The reasoning behind the decision not to appeal the lower court decision wasn’t being publicly discussed by either the FCC or the SG’s office. An FCC official said the decision was ultimately up to the Acting SG, though the FCC did have input. The content of that input wasn’t disclosed. The SG’s office had sought several extensions of the deadline for joining the appeal (CD Dec 22 p8). The latest deadline was Jan. 31.
Media groups, including the NAB, filed the initial appeal of the U.S. Appeals Court, Philadelphia, decision overturning the latest FCC media ownership rules (CD June 25 p1) in Prometheus Radio Project vs. the FCC. The rules would have allowed a single company to own up to 3 TV stations, 8 radio stations and one newspaper per market. In a 218-page decision, the court remanded the June 2003 FCC decision, saying the Commission should fix flaws in its diversity index, which was used to set the cross- ownership rules.
Tribune Co., for example, had said the Supreme Court should take the opportunity to review the entire spectrum scarcity argument, which is the basis for much FCC media regulation (CD Aug 23 p9). It also said the First Amendment prohibits limits on broadcasters’ speech.
The decision “is a huge win for the public,” Common Cause said in a statement: “The FCC now has a chance to do what it failed to do before: Involve the public in a meaningful way as it reconsiders these ownership rules.” Media Access Project Pres. Andrew Schwartzman called the SG decision “one more indication that the broad and bipartisan public opposition to media concentration has become too powerful to be ignored.” Broadcasters had actively lobbied the Administration to participate in the appeal, Schwartzman said, “but now, after more than 2 million American citizens made their views known, the Administration was able to stand up to big media.”

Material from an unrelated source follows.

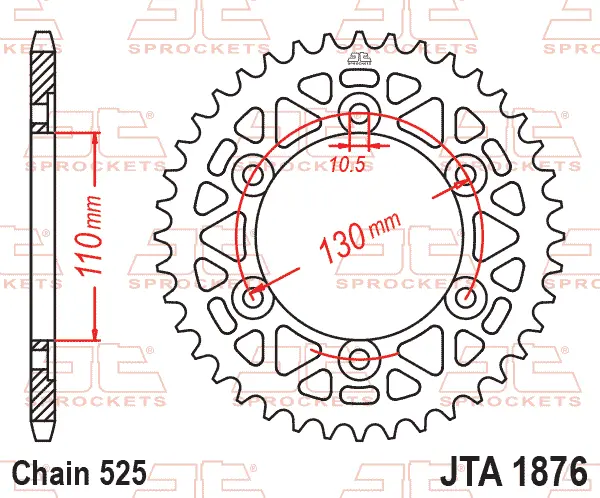 Pinion spate din aluminiu Racelite, negru , 2, nordicamoto.ro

The SG decision “is not a cause for celebration. It is a call to arms,” said Josh Silver, exec. dir. of Free Press: “The FCC is still dominated by industry pawns. We cannot expect this FCC to act in the public interest without listening to the public… We fully expect industry lobbyists and their allies at the FCC to attempt to sneak the same policies in through the back door.”
“We're disappointed… the solicitor general will not be seeking Supreme Court review of media ownership rules,” the NAB said: “We continue to believe the Supreme Court needs to clarify lower court decisions related to media ownership, and NAB will be seeking that review on Monday, Jan. 31.”